**INSTRUCTIONS FOR THE TASK**
Locate the line that contains "GTX RX 580.". Retype it and every line after it to the end of the records, exactly, but not the pictures.

**DATASET EXTRACT**
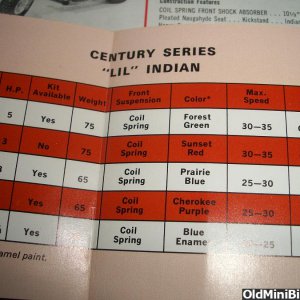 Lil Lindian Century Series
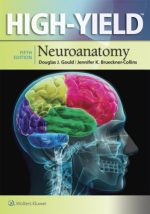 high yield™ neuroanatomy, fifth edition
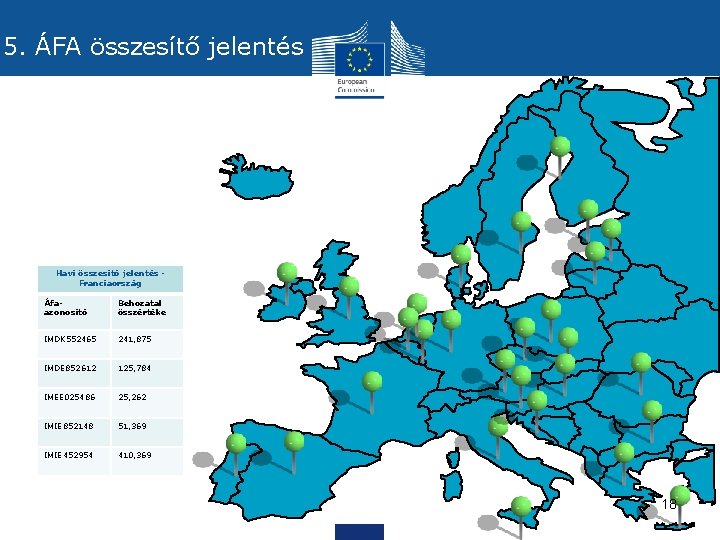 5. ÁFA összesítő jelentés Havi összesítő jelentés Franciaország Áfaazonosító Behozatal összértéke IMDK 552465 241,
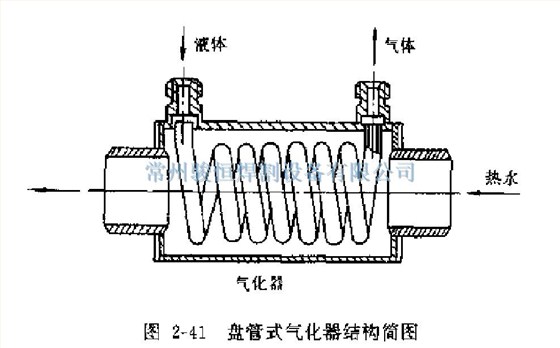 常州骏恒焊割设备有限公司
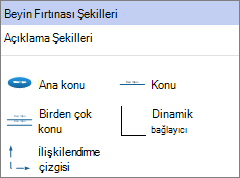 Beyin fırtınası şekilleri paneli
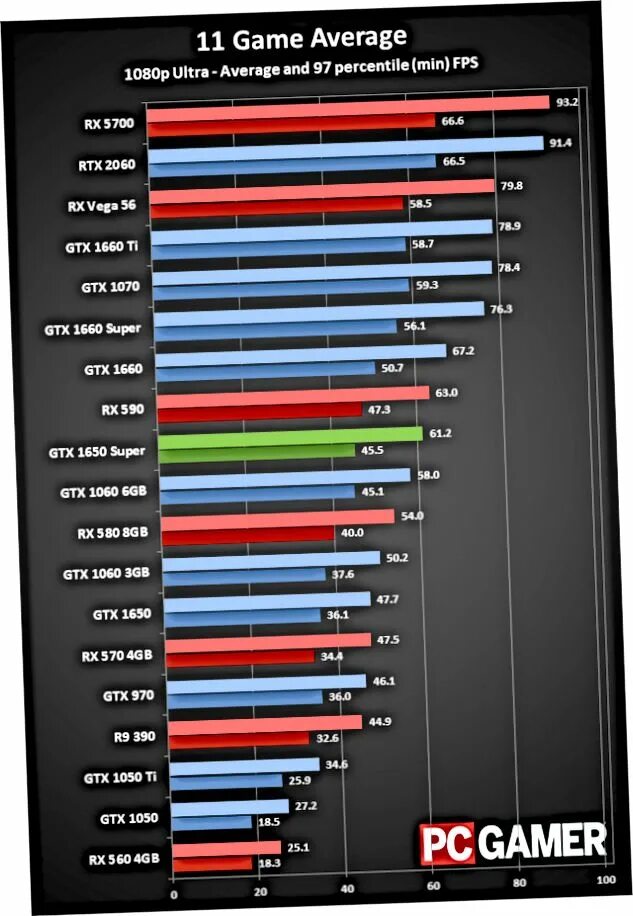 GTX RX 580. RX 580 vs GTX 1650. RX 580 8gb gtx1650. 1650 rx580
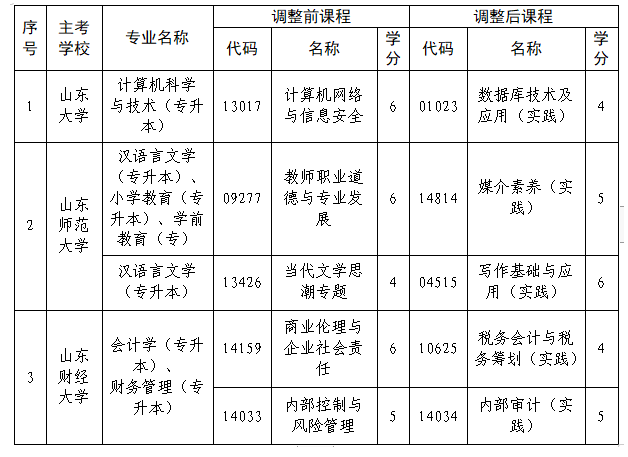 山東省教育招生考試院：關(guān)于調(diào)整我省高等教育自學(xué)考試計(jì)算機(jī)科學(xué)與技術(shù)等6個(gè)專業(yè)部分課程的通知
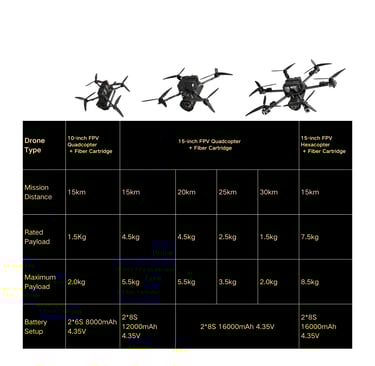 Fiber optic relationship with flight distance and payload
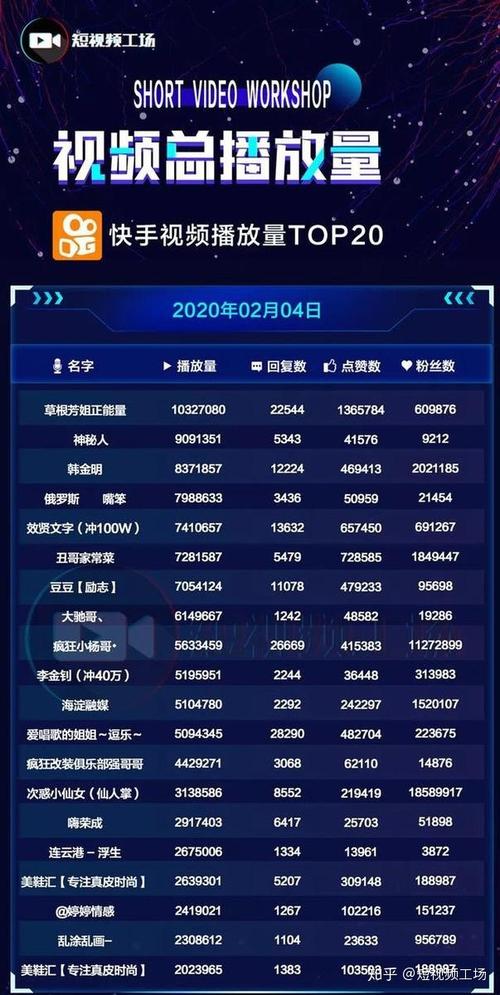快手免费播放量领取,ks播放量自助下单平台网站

**RESPONSE TO THE TASK**
 GTX RX 580. RX 580 vs GTX 1650. RX 580 8gb gtx1650. 1650 rx580
 山東省教育招生考試院：關(guān)于調(diào)整我省高等教育自學(xué)考試計(jì)算機(jī)科學(xué)與技術(shù)等6個(gè)專業(yè)部分課程的通知
 Fiber optic relationship with flight distance and payload
快手免费播放量领取,ks播放量自助下单平台网站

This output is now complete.